A piece of formply works well for me in this situation.

----------


## Godzilla73

Could you fix the outlet you have now facing up screwed to the noggin, put an elbow on it and then a length of threaded pipe out the wall, or is this to many possible leak points?

----------


## physix

> Could you fix the outlet you have now facing up screwed to the noggin, put an elbow on it and then a length of threaded pipe out the wall, or is this to many possible leak points?

  nah outlet is sweet it has wood behind it now.. its the mixer that has big depth ... there is a pic of it up further.

----------


## physix

thanks guys i will give the ply a go and take a pic to update ... see how it goes 
thanks muchly again

----------


## intertd6

> Actually a specialist doctor would explain everything they do in detail. *That would be correct but seem to be off at a tangent, a person being a little more observant would have read "If you were ever to need the services of a specialist doctor & ask them a about why it is so for everything that they have learned they would most likely ask you to leave."* _And I know a lot of them that would ask you to as well_. but if you They have to by law.
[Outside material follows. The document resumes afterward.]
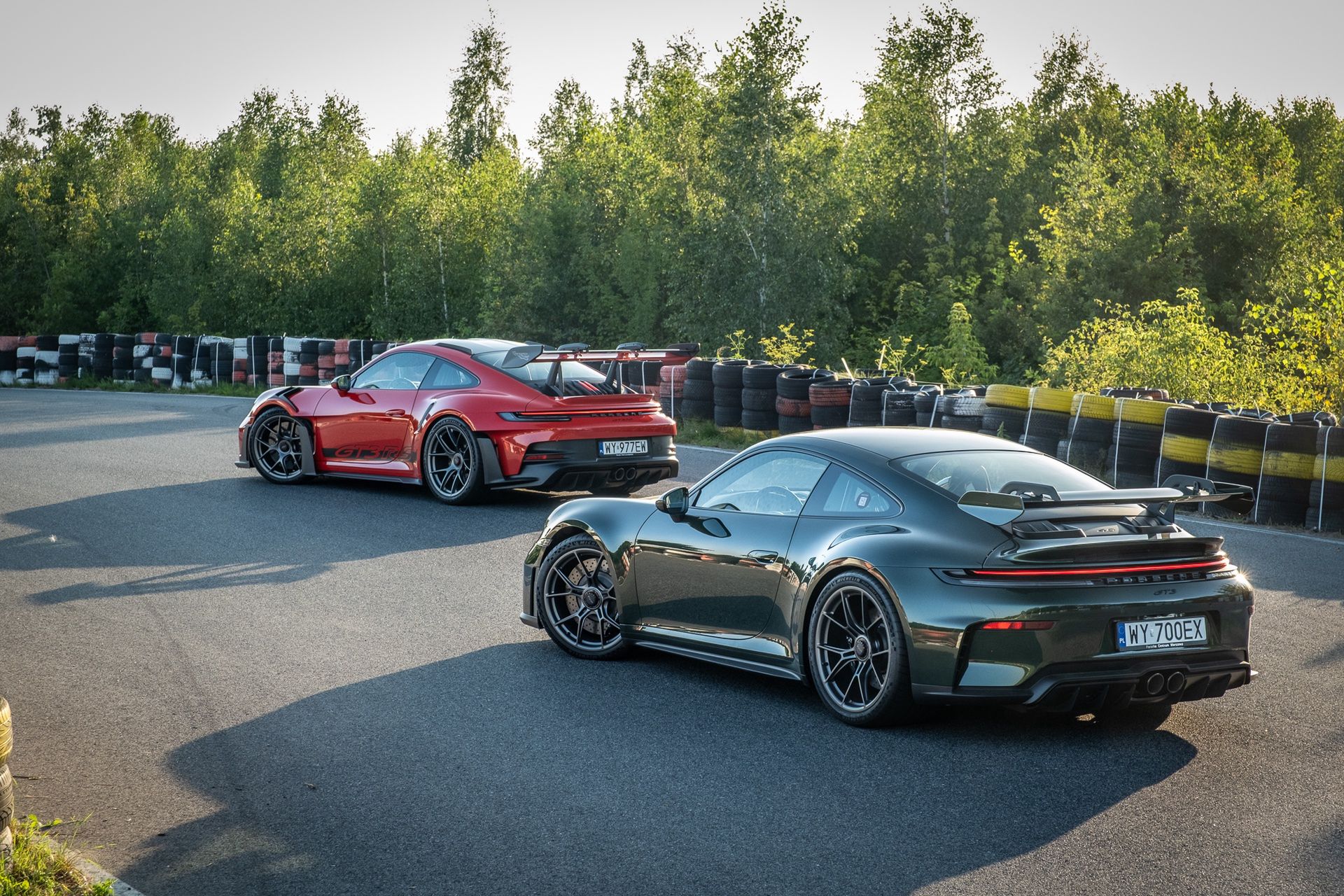 Porsche 911 GT3 vs Porsche 911 GT3 RS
I know I have been there many times. Point is tho that I am not going to doctor myself. Difference there is I want to learn the truth about what I am doing to my house but there is some professional secret happening here. I understand what you say. I don't agree there is evidence to indicate a problem in my case. I have seen inside my walls myself. Dry as dust all the way. My problem is whether the problem is serious enough to tear off lining. 
> I don't believe negative statements about me are acceptable or fair. I have not been negative in any way.  _I remember a saying from somewhere, "everybody is an idiot, but somehow they manage to put up with me" _ My last comment on this issue,  
> If asking questions is my way to determine the answer to the above statement and the person in question has not managed to answer these questions to my satisfaction should I ignore my principals and take a chance or should I walk away?   _The definition of someones satisfaction in some cases is about as quantifiable as "how long is a piece of string" _ Dean

  regards inter

----------


## Steffen595

> I guess people just like to hate tradesmen.
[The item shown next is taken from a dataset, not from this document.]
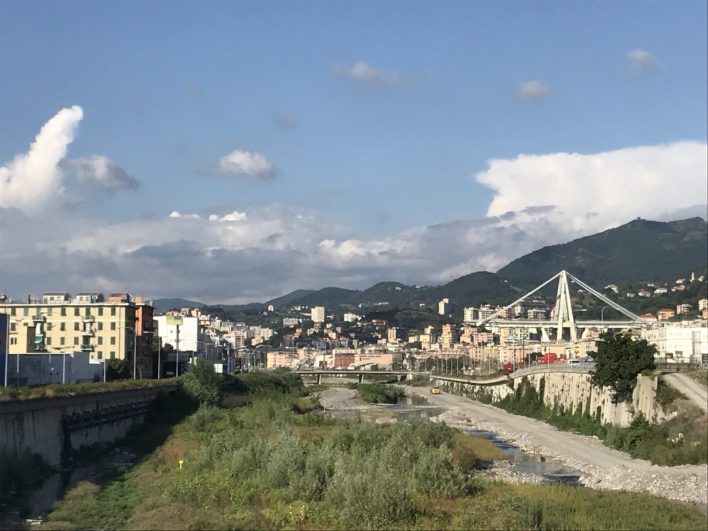 Il ponte Morandi visto da Sud sul fiume Polcevera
  colleague got his toilet done. A few weeks later the plasterboard ceiling downstairs below the toilet starts bulging. I suppose at $110 per hr for a plumber you would expect a little better. Or is it $10 for the work and $100 to fix it? Out of 4 days out plumbers spent 1 day fixing their stuff. 
For the brackets: just ripping my bathroom apart. Fairly agricultural plumbing, no brackets, just nails to hold the stuff. Not even galvanised. The good news: they are like new. Maybe because the wall is so well airated? Water proofing is just something for the BCA, not for the real world I assume. And once the plaster is off you see dailight.

----------


## intertd6

> colleague got his toilet done. A few weeks later the plasterboard ceiling downstairs below the toilet starts bulging. I suppose at $110 per hr for a plumber you would expect a little better. Or is it $10 for the work and $100 to fix it? Out of 4 days out plumbers spent 1 day fixing their stuff. 
> For the brackets: just ripping my bathroom apart. Fairly agricultural plumbing, no brackets, just nails to hold the stuff. Not even galvanised. The good news: they are like new. Maybe because the wall is so well airated? Water proofing is just something for the BCA, not for the real world I assume. And once the plaster is off you see dailight.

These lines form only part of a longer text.